▶ [Exercise goal] Omitting all images, transcribe the entries word for word.

(Recorded data)
————————
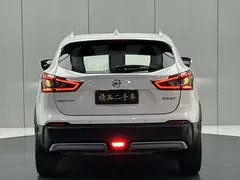 2021 Nissan Qashqai 2.0L XV Prem Pro Luxury, белый — фото 3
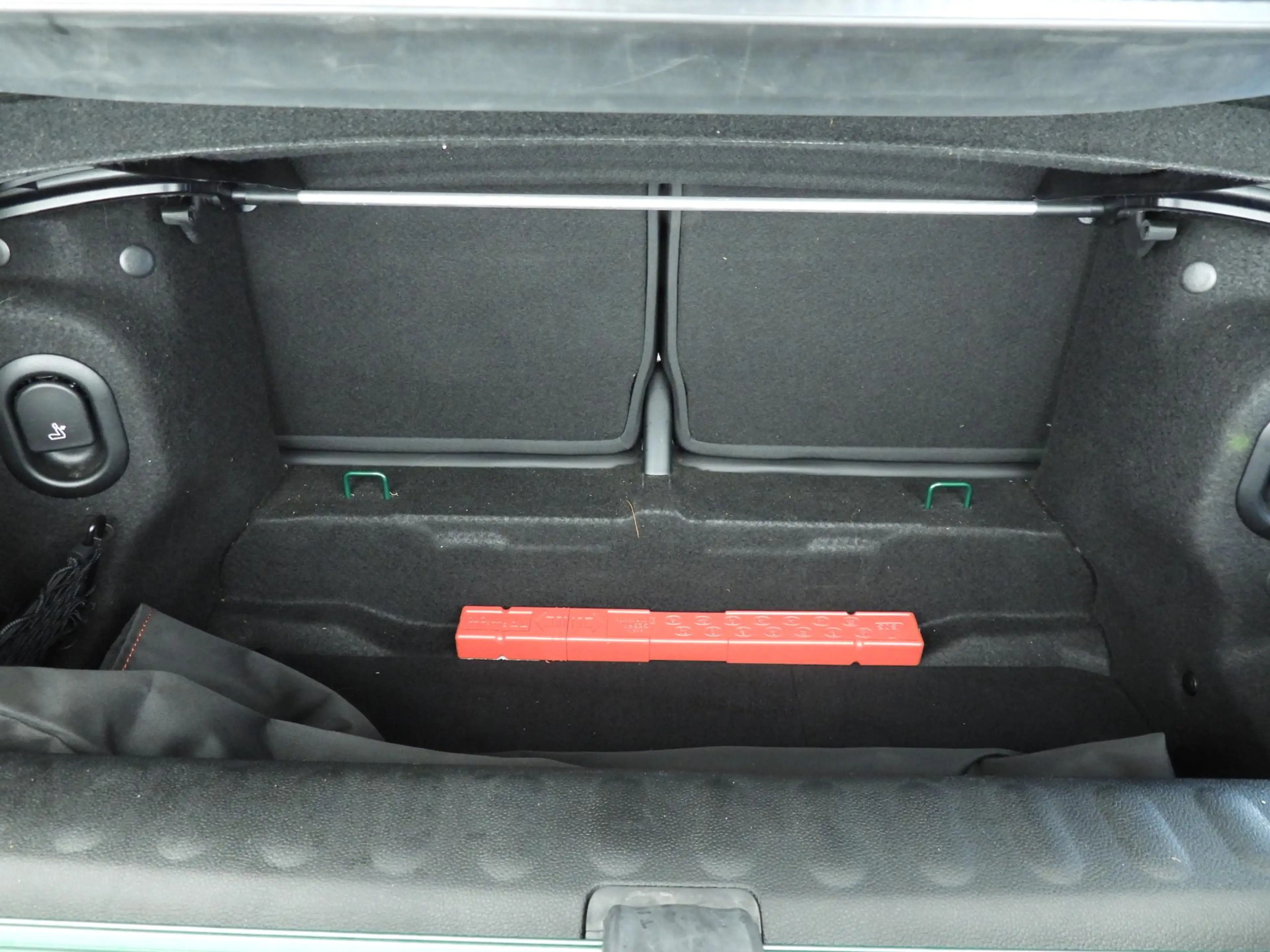 MINI One Cabrio | LED | Navigatie | Windscherm | Sportstoelen | St — photo 10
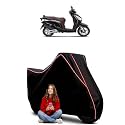 Aviator Scooty Bike Cover Water Resistant Outdoor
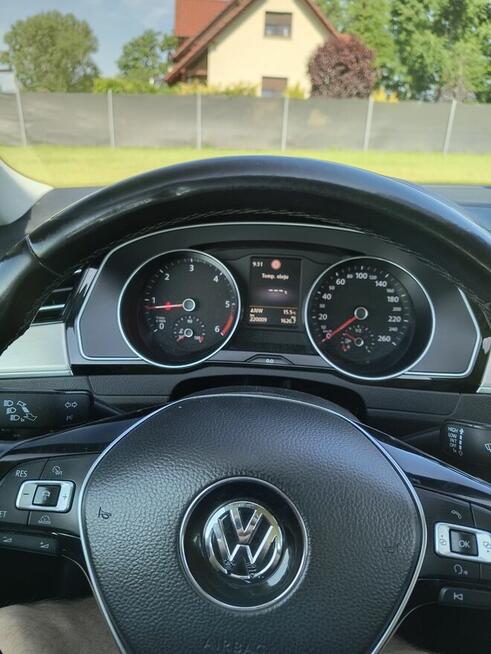 VW Passat B8 Highline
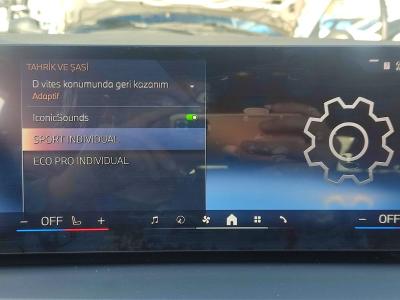 I4 EDRIVE40 SPORT LINE (160KW)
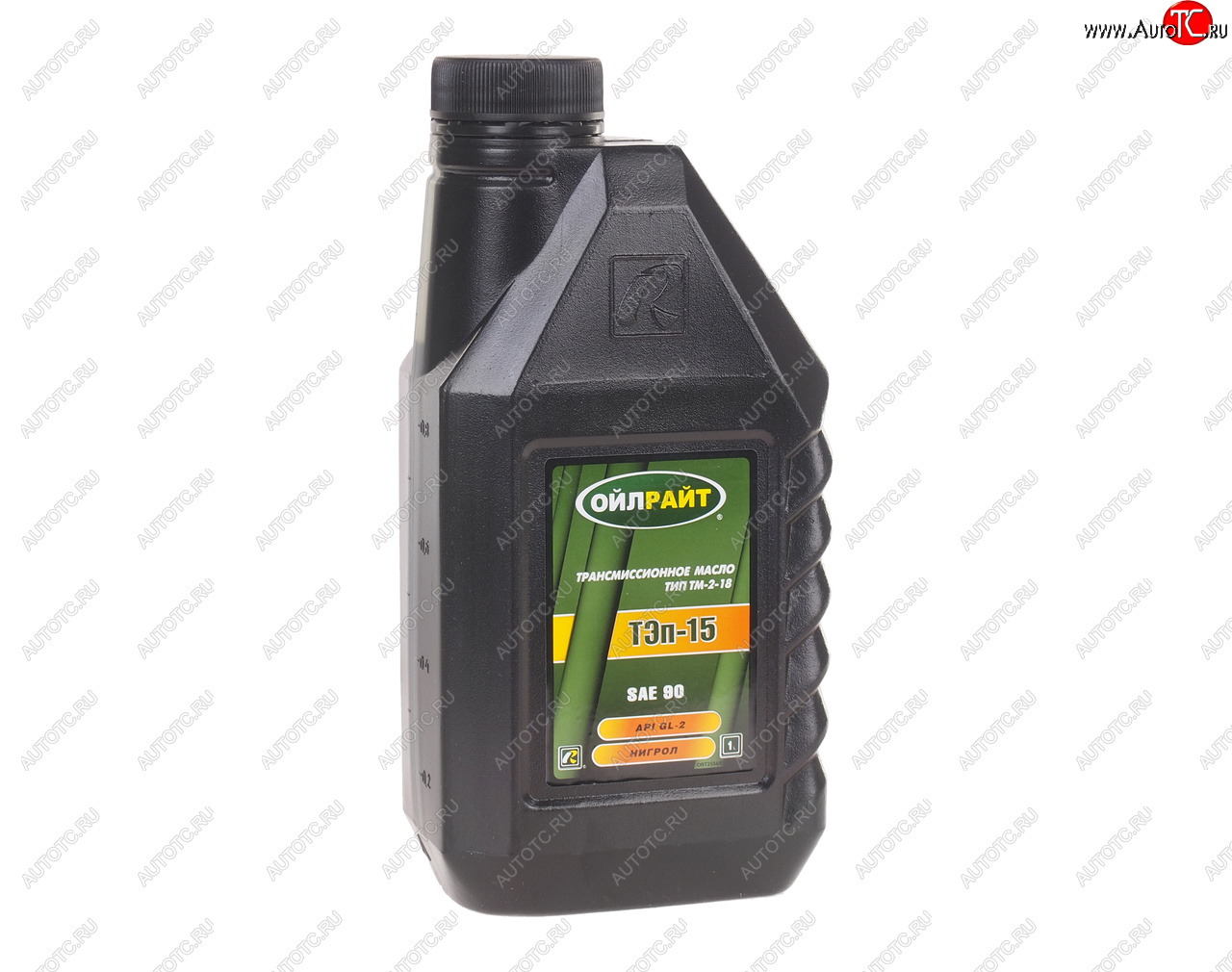 206 р. Масло трансмиссионное ТЭП-15 (нигрол) 1л OIL RIGHT OIL RIGHT 2554  с доставкой в г. Пермь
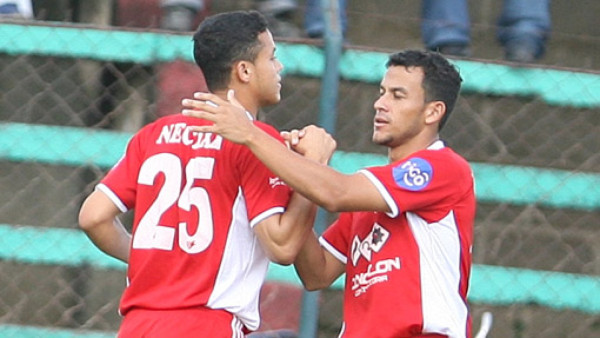 Necaxa saca un punto de Comayagua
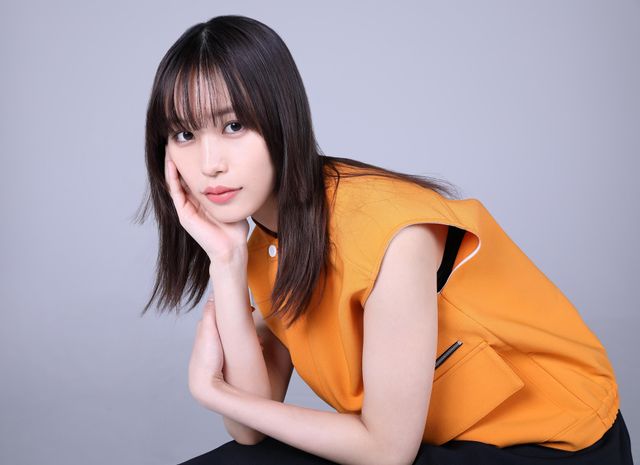 山田孝之とのツーショットも【南沙良インタビューカット集】（2枚目）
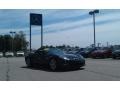 Black - Corvette Grand Sport Convertible Photo No. 3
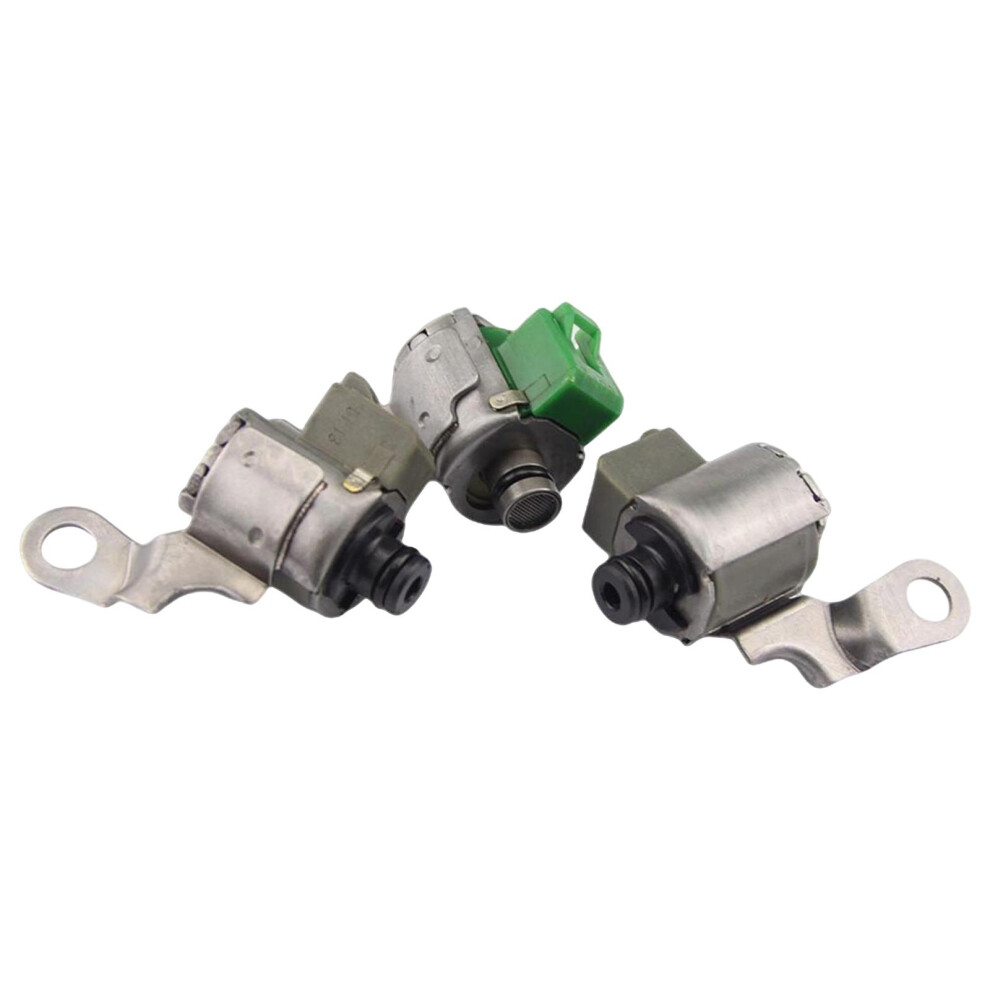 3X Transmission Solenoid Kit A340 Aw4 A340e Fit For Cherokee Accessori 6901423058644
————————
▶ [Solution to the exercise]
 2021 Nissan Qashqai 2.0L XV Prem Pro Luxury, белый — фото 3
 MINI One Cabrio | LED | Navigatie | Windscherm | Sportstoelen | St — photo 10
 Aviator Scooty Bike Cover Water Resistant Outdoor
 VW Passat B8 Highline
 I4 EDRIVE40 SPORT LINE (160KW)
 206 р. Масло трансмиссионное ТЭП-15 (нигрол) 1л OIL RIGHT OIL RIGHT 2554  с доставкой в г. Пермь
 Necaxa saca un punto de Comayagua
 山田孝之とのツーショットも【南沙良インタビューカット集】（2枚目）
 Black - Corvette Grand Sport Convertible Photo No. 3
 3X Transmission Solenoid Kit A340 Aw4 A340e Fit For Cherokee Accessori 6901423058644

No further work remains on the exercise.